__REQUIRED WORK__. From the line that contains "Silver Butterfly Ear Stud - Image 2" through the line that contains "White lace blazer", output every line of the listing below exactly and leave out all the rest.

Segment Start: RECORDS PROVIDED

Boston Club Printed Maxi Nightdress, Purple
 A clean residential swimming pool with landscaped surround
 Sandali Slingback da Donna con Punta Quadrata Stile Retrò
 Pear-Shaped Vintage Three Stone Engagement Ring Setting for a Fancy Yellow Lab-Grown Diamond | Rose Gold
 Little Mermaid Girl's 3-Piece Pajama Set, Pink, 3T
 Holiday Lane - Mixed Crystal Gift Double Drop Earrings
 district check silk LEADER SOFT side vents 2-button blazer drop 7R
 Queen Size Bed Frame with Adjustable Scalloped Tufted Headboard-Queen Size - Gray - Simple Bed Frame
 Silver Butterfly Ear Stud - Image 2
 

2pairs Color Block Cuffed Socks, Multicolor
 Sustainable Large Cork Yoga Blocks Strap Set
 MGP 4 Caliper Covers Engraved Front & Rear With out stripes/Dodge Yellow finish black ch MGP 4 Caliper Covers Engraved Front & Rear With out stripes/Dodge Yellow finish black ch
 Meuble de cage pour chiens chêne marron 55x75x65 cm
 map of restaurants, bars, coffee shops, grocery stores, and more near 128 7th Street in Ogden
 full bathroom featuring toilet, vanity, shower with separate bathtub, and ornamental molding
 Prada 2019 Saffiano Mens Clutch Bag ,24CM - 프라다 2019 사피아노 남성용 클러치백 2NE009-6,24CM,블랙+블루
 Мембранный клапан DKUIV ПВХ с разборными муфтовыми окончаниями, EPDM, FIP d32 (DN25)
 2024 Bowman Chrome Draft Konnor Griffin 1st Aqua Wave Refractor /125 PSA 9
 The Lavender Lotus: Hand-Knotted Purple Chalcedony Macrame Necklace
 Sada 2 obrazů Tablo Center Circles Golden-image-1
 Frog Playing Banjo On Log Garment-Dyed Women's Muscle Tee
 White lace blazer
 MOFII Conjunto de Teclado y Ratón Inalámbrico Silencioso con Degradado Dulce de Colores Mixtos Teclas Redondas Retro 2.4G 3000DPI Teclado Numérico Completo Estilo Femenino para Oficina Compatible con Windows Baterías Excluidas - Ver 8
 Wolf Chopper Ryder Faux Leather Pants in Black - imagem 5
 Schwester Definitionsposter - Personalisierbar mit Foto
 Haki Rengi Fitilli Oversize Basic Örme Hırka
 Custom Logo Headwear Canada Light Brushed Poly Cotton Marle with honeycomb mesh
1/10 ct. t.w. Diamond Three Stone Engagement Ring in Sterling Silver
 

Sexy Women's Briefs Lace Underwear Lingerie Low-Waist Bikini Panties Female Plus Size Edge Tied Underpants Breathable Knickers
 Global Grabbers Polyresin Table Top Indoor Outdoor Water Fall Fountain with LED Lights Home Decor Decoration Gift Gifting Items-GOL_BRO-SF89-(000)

Segment End: RECORDS PROVIDED

__WRITTEN SOLUTION__.
 Silver Butterfly Ear Stud - Image 2
 

2pairs Color Block Cuffed Socks, Multicolor
 Sustainable Large Cork Yoga Blocks Strap Set
 MGP 4 Caliper Covers Engraved Front & Rear With out stripes/Dodge Yellow finish black ch MGP 4 Caliper Covers Engraved Front & Rear With out stripes/Dodge Yellow finish black ch
 Meuble de cage pour chiens chêne marron 55x75x65 cm
 map of restaurants, bars, coffee shops, grocery stores, and more near 128 7th Street in Ogden
 full bathroom featuring toilet, vanity, shower with separate bathtub, and ornamental molding
 Prada 2019 Saffiano Mens Clutch Bag ,24CM - 프라다 2019 사피아노 남성용 클러치백 2NE009-6,24CM,블랙+블루
 Мембранный клапан DKUIV ПВХ с разборными муфтовыми окончаниями, EPDM, FIP d32 (DN25)
 2024 Bowman Chrome Draft Konnor Griffin 1st Aqua Wave Refractor /125 PSA 9
 The Lavender Lotus: Hand-Knotted Purple Chalcedony Macrame Necklace
 Sada 2 obrazů Tablo Center Circles Golden-image-1
 Frog Playing Banjo On Log Garment-Dyed Women's Muscle Tee
 White lace blazer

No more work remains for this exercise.